The goal is a clean copy of all the data below, with pictures dropped and everything else retyped exactly.

*** Opening of Material provided ***

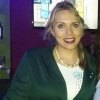 Rocío Jiménez, Professora de francès a Alicante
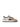 Sneakers Torneo Pop in camoscio cammello e ghiaccio M431TOPOWN BEIGE D.A.T.E. 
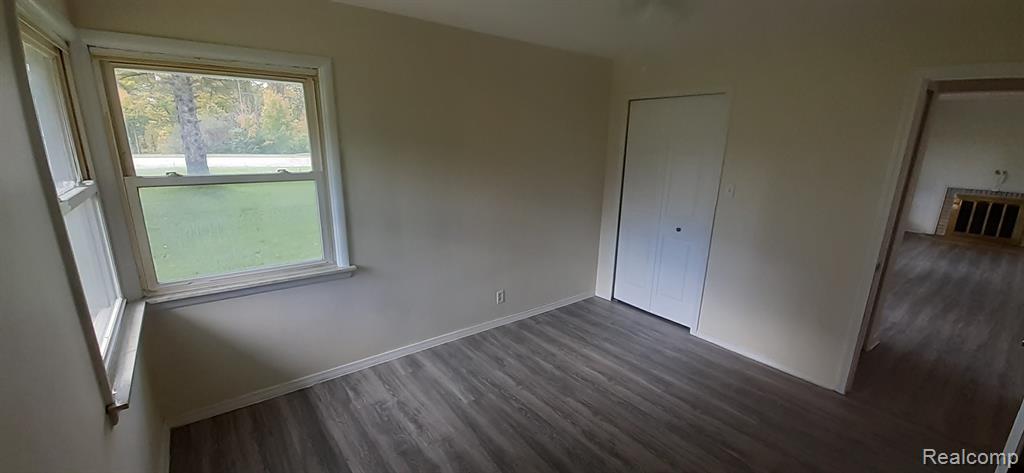6184 Flushing Road, Flushing, MI 48433 — Photo 12
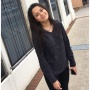Thalia Revilla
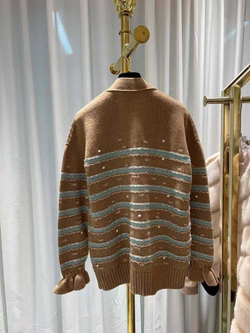 Кардиган CHANEL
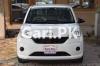 Toyota Passo  2018 For Sale in Rawalpindi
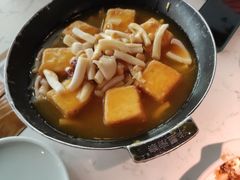 -大榕树下顺德菜(融创茂店)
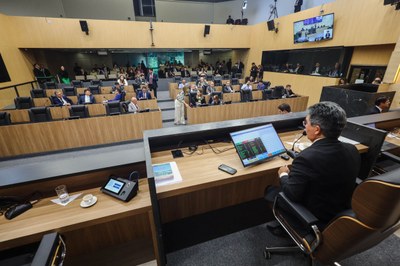 SESSÃO PLENÁRIA 15 (18).jpg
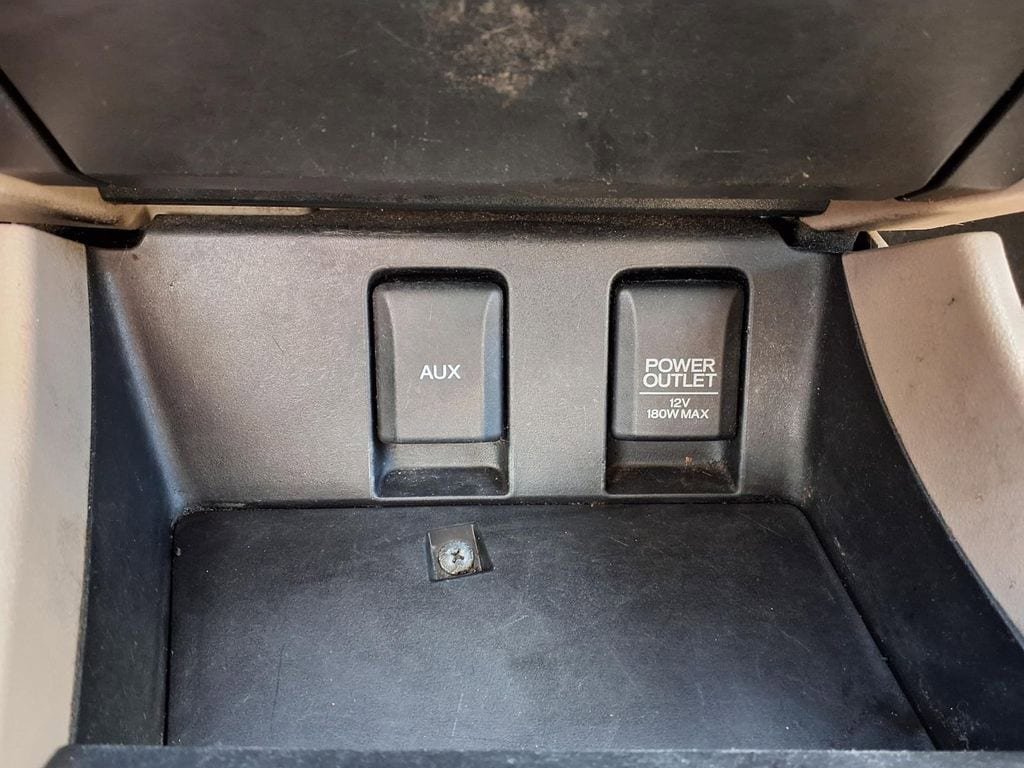 Used 2013 Honda Civic EX image 21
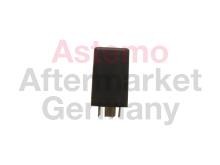 ASTEMO-HITACHI 2502168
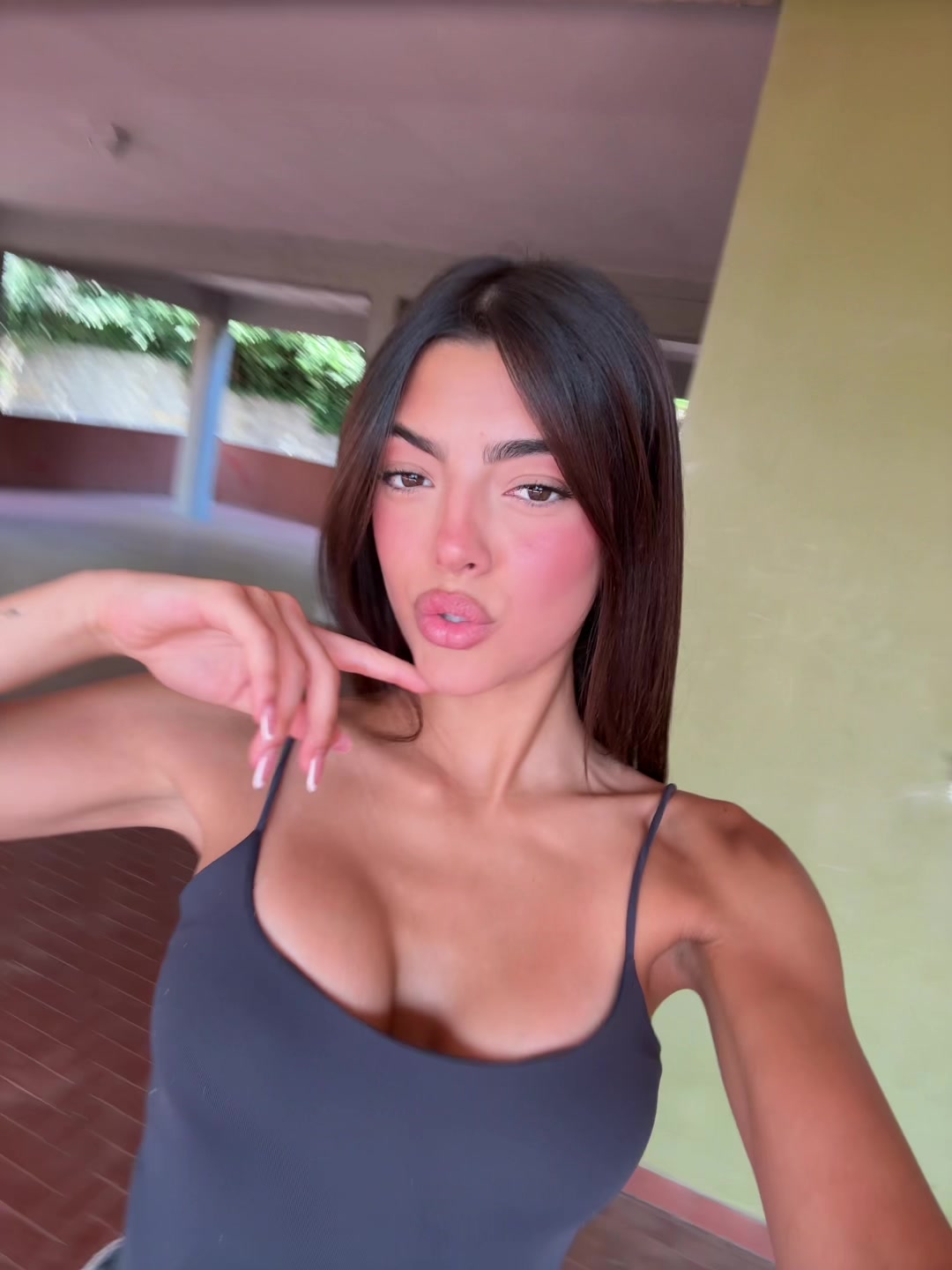 @22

*** Close of Material provided ***

Result below ::
 Rocío Jiménez, Professora de francès a Alicante
 Sneakers Torneo Pop in camoscio cammello e ghiaccio M431TOPOWN BEIGE D.A.T.E. 
6184 Flushing Road, Flushing, MI 48433 — Photo 12
Thalia Revilla
 Кардиган CHANEL
 Toyota Passo  2018 For Sale in Rawalpindi
 -大榕树下顺德菜(融创茂店)
 SESSÃO PLENÁRIA 15 (18).jpg
 Used 2013 Honda Civic EX image 21
 ASTEMO-HITACHI 2502168
 @22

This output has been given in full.